最初から英語が得意で上手に話せるという人はいません。英語が上達するためには、小さな目標を設定して、それを達成するという体験を積み重ねていくことが大切です。小さな成功体験というのは、何でも構いません。例えば、「TOEFL Primary®*1」のような外部試験にチャレンジして、「音声のスピードがすごく速いけど、この問題はよく分かった」という経験でもよいですし、「EIH(English Immersion Hour)*2」のようなイベントに参加して、「勇気を出して英語を話したら通じた」や「英語で話していることが聞き取れた」というのも貴重な経験です。教材で学習した英語を、おうちの人に使ってみて「伝わった」という身近な経験でもよいですね。そういった小さな成功体験を積み重ねていくと、どんどん自信がついてきて、英語学習に対する意欲も高まっていくでしょう。

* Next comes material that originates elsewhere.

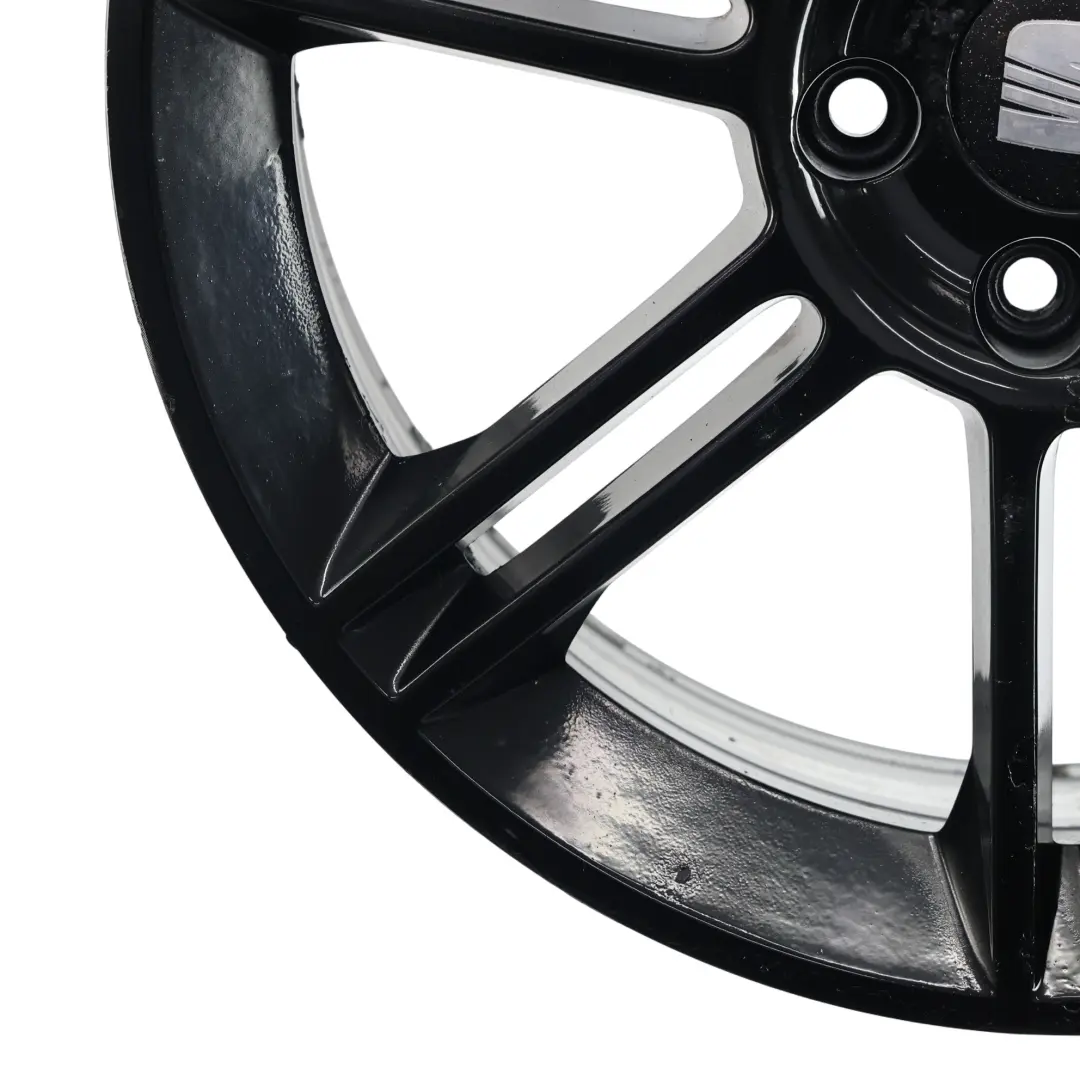 Seat Leon FR 1P Black Wheel Alloy Rim 18" 7.5J ET:51 - SKU 5P8071490-1 - Part number 5P8071490
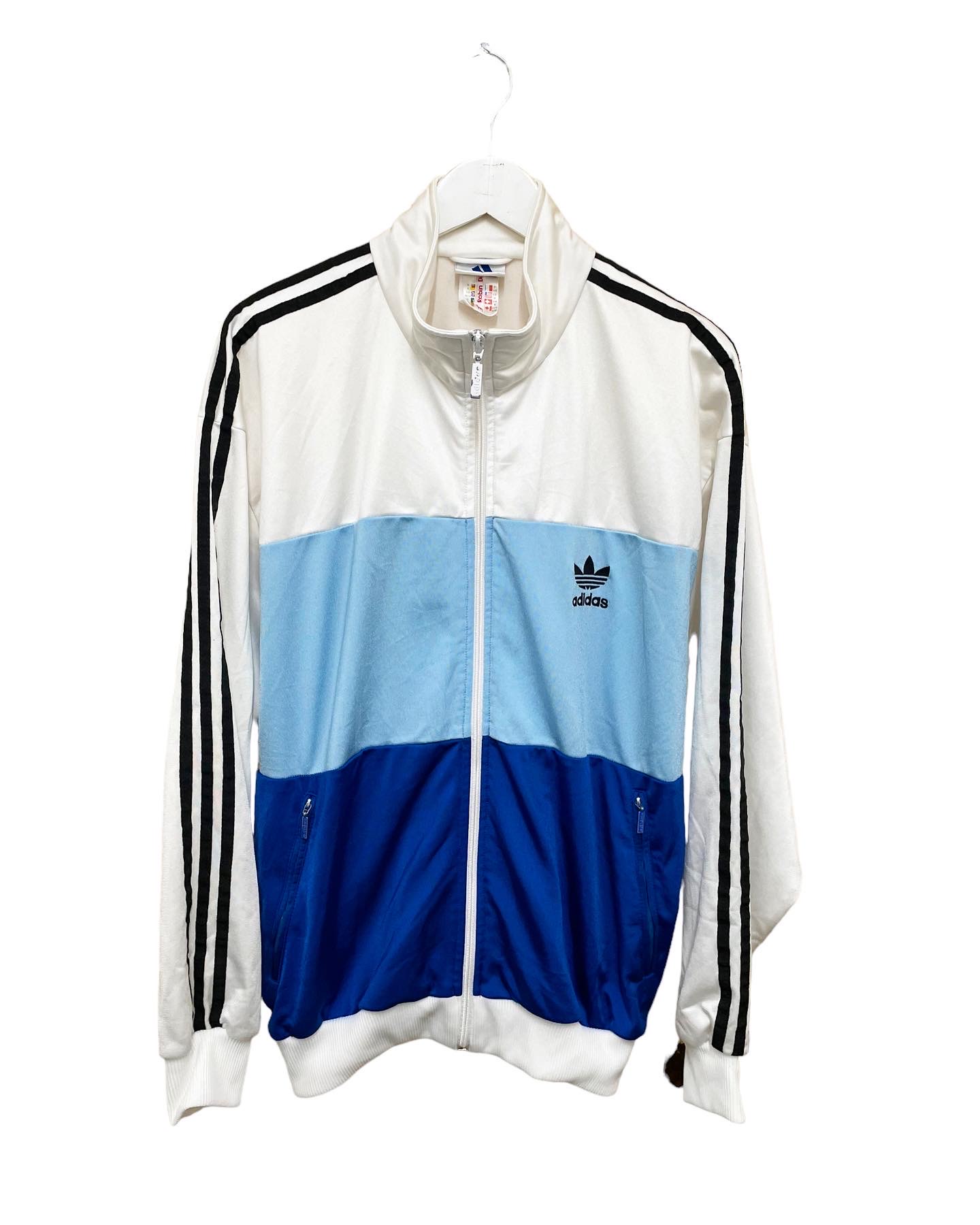 Vintage Adidas 1990s Track Jacket (L) | Essential Vintage | Unique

*1/TOEFL Primary®:「英語運用能力」を測るための試験→詳しくはこちら
*2/English Immersion Hour:公文で英語を学ぶ全国の小学生を対象に実施している、インターネットのビデオ会議システムを利用した英語イベント→詳しくはこちら

将来の夢の場面を想像してみる

空港で働きたい、海外とやり取りする機会が多い会社で働きたい、など、子どもたちにはそれぞれ色々な夢があると思います。どのような仕事にも、必ず誰かとのつながりは出てきますよね。協働はこれからの世の中には欠かせないことですし、日本のどこにいてもグローバル化によって英語が必要になってきます。英語は、最終的にはコミュニケーションを取るための道具です。「将来こんな場面ではどのように伝えると仲間とうまくいくかな。」「知っている表現だけでは伝えるのが難しいけど、こんな風に言い方を変えてみたら伝えられるかも。」など、将来の場面を少し想像しながら学習してみるといいですね。そうすることで、表現の幅も広がっていきますし、毎日の学習が楽しくなってくると思います。英語を学習することを通して、子どもたちには、将来の可能性を広げて欲しいですね。

おうちの方へのメッセージ

私自身も、自分の子どもの学習を見ていると、どうしても期待が先行してしまい、もどかしい気持ちになることがあります。けれども、学習するのは子どもですので、子ども自身のペースや考えが一番大切だと感じています。特に、公文で学年より先の学習をしている子どもたちは、学習した内容を忘れてしまったり、難しいと感じたりすることがあるのは当然です。「頑張っていること自体がすごい」と、長い目で見てあげて欲しいと思います。人間はコンピューターとは違うので、一度だけではなく何度も繰り返し学習することで覚えていきます。せっかく学習している英語が嫌いになってしまうと、また好きにさせるのはとても大変です。子どもたちが楽しく学習を続けていけるように、良いところを少し大げさにでもほめてあげましょう。また、時間に余裕がある時は、数分だけでもお子さんの音読を聞いてあげるとよいですね。おうちの方のサポートは、子どもたちにとって大きな力になると思います。

■町田 智久(まちだともひさ)先生 プロフィール

国際教養大学 グローバル・コミュニケーション 実践研究科(大学院) 教授

東京都生まれ。信州大学教育学部卒業後、英語教師として都内の公立中学校に勤務。1998年に第47回読売教育賞優秀賞(読売新聞社)を受賞。東京学芸大学大学院にて修士号取得後、イリノイ大学アーバナ・シャンペーン校大学院へ留学し、修士号および博士号取得。2021年4月より、国際教養大学大学院グローバル・コミュニケーション実践研究科 英語教育実践領域教授。